As the weather warms up, snakes emerge from their winter lairs. Fortunately, there’s only one venomous snake in Montana: the prairie rattlesnake. This serpent can grow up to four feet in length and comes in variety of colors, with the telltale rattle at the end warning predators of its presence. Rattlers also have a pair of hollow, hinged fangs that fold back against the roof of their mouth but extend when they strike. Tucked behind the fangs are the venom glands, which contain a variable amount of venom depending on the age and size of the snake. A bite frequently injects venom into the victim, but not always. It’s estimated that half of all snakebites are dry, or lacking venom.

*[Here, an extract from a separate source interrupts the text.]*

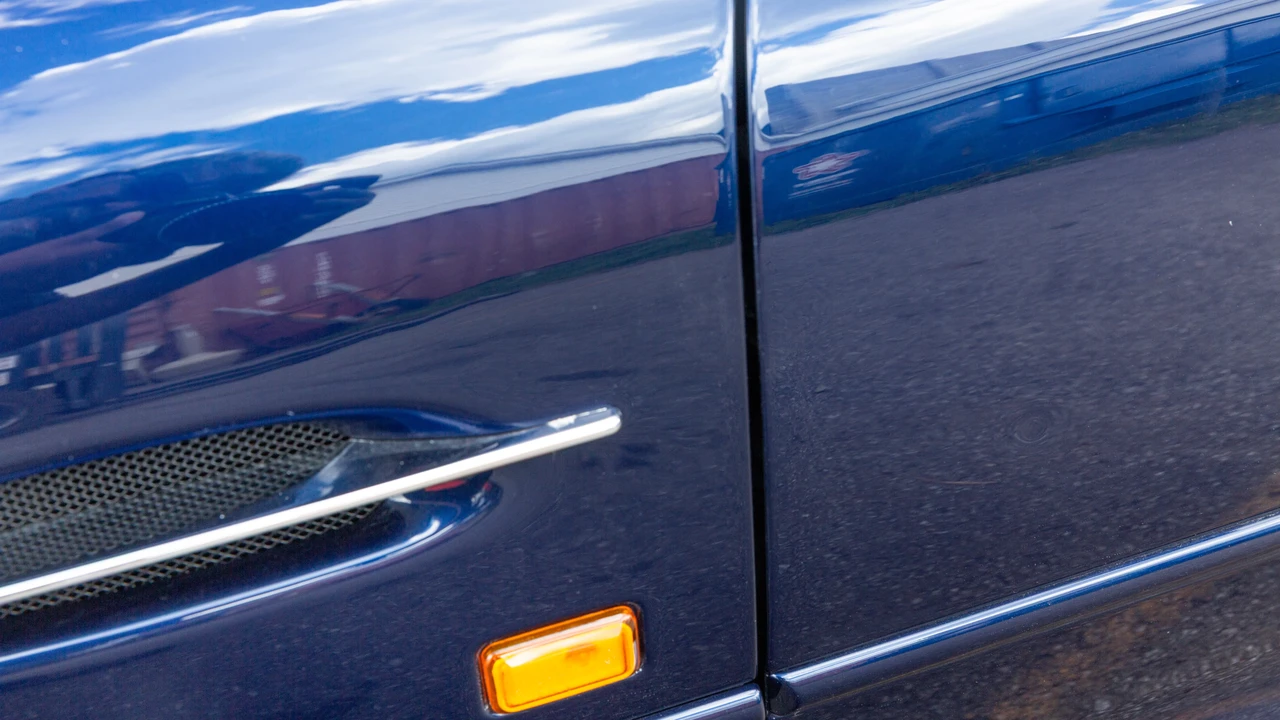1997 Aston Martin DB7 - Image 30 of 31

If a rattlesnake bites your dog, it’s important to seek immediate veterinary care. Most dogs get bit on the face or lower limbs because they’re sniffing the snake. Clinical signs of snakebites include severe pain, swelling at the site of the bite, and in extreme anaphylactic reactions, collapsing. Neck swelling can obstruct breathing and cause respiratory distress. Snake venom can also cause mild to severe tissue damage, sloughing, and necrosis—the degree of which may not be fully apparent for up to 48 hours.

Treatment for snake envenomation can include pain management, broad-spectrum antibiotics, and supportive intravenous fluid therapy. Dogs with more advanced symptoms may require hospitalization and critical care if they received a larger dose of venom or are having a particularly severe reaction. Often times, however, the severity of envenomation cannot be determined right away.

Rattlesnake on trail

Antivenom is the only direct and specific means of neutralizing snake venom. It’s most effective if administered in the first six hours after a bite, and can help reduce the overall severity of the venom’s effects. But it can be quite expensive, costing between $500-$600 per dose. It’s more critical to administer antivenom to a small dog than a larger one, because the ratio of venom relative to the animal’s size is greater.

The best way to prevent your dog from encountering a rattler is to be aware of your surroundings and keep your dog on a leash, remote collar, or voice control when hiking, hunting, or otherwise recreating in snake country. Another great way to keep dogs safe is to train them in a snake-avoidance class. The Bozeman-based Missouri Headwaters Gun Dog Club offers a class every year in August, and it’s open to non-members.

Jennifer Shinn is a triage, transfer, and inpatient-care veterinarian with Bridger Veterinary Specialists.